[AVAILABLE DATA]

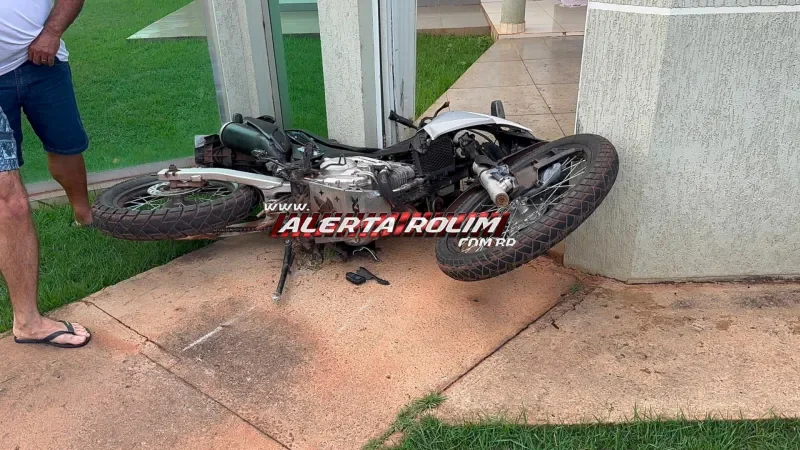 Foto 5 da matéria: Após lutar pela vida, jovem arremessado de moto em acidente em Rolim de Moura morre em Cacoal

...

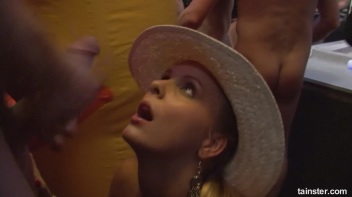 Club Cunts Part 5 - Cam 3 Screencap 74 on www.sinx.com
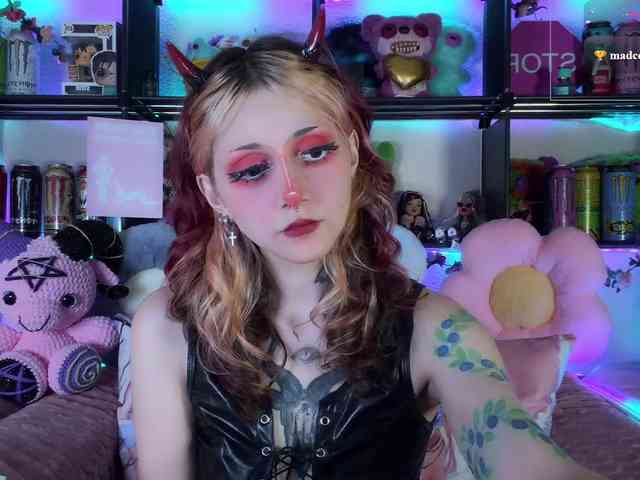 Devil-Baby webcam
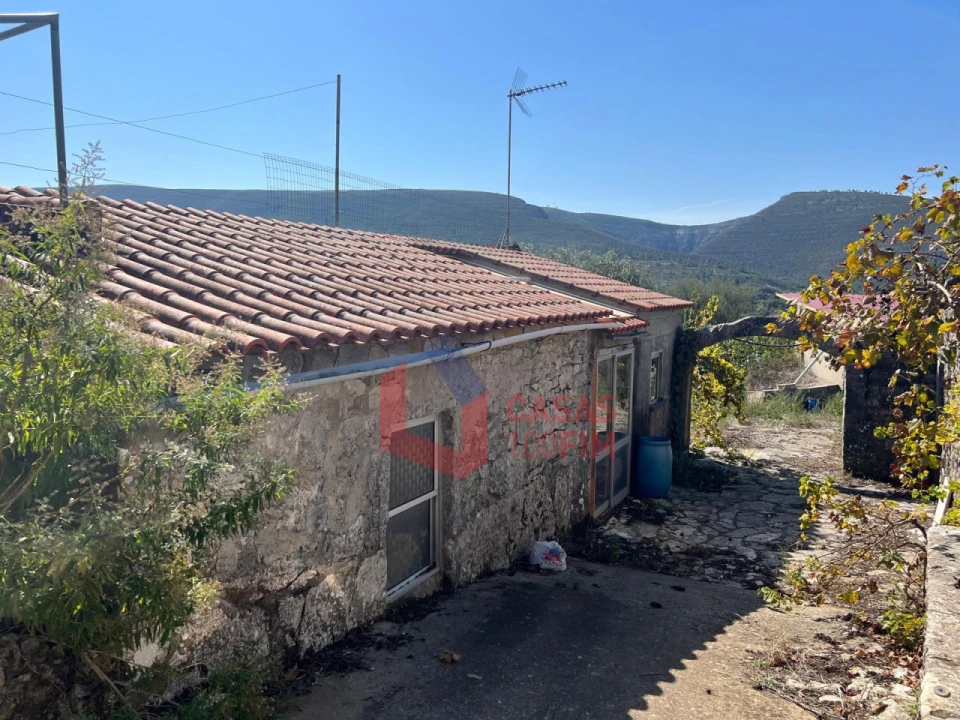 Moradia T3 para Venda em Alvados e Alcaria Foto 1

[EXERCISE] From the records above, transcribe only the stretch from the line with "Devil-Baby webcam" through the line with "Moradia T3 para", keeping both ends. Omit pictures.

[ANSWER TO THIS EXERCISE]
 Devil-Baby webcam
 Moradia T3 para Venda em Alvados e Alcaria Foto 1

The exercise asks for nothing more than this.